(Items from a dataset)

-------------------------

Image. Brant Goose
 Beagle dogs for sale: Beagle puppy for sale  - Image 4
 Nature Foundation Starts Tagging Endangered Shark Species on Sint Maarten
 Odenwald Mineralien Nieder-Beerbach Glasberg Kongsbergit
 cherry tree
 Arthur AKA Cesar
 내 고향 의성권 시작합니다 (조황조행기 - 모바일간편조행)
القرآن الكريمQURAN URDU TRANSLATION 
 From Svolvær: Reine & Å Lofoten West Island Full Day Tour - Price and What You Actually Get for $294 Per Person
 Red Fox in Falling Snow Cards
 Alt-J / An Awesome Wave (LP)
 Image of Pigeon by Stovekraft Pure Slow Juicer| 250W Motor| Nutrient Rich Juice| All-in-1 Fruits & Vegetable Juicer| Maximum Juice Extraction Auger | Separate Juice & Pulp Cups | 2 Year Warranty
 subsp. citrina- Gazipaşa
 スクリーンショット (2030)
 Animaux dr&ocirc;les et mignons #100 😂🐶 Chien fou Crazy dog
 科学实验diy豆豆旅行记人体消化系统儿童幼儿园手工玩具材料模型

-------------------------

What the task asks:
The answer must be a word-for-word reproduction of every record above.

Task solution:
Image. Brant Goose
 Beagle dogs for sale: Beagle puppy for sale  - Image 4
 Nature Foundation Starts Tagging Endangered Shark Species on Sint Maarten
 Odenwald Mineralien Nieder-Beerbach Glasberg Kongsbergit
 cherry tree
 Arthur AKA Cesar
 내 고향 의성권 시작합니다 (조황조행기 - 모바일간편조행)
القرآن الكريمQURAN URDU TRANSLATION 
 From Svolvær: Reine & Å Lofoten West Island Full Day Tour - Price and What You Actually Get for $294 Per Person
 Red Fox in Falling Snow Cards
 Alt-J / An Awesome Wave (LP)
 Image of Pigeon by Stovekraft Pure Slow Juicer| 250W Motor| Nutrient Rich Juice| All-in-1 Fruits & Vegetable Juicer| Maximum Juice Extraction Auger | Separate Juice & Pulp Cups | 2 Year Warranty
 subsp. citrina- Gazipaşa
 スクリーンショット (2030)
 Animaux dr&ocirc;les et mignons #100 😂🐶 Chien fou Crazy dog
 科学实验diy豆豆旅行记人体消化系统儿童幼儿园手工玩具材料模型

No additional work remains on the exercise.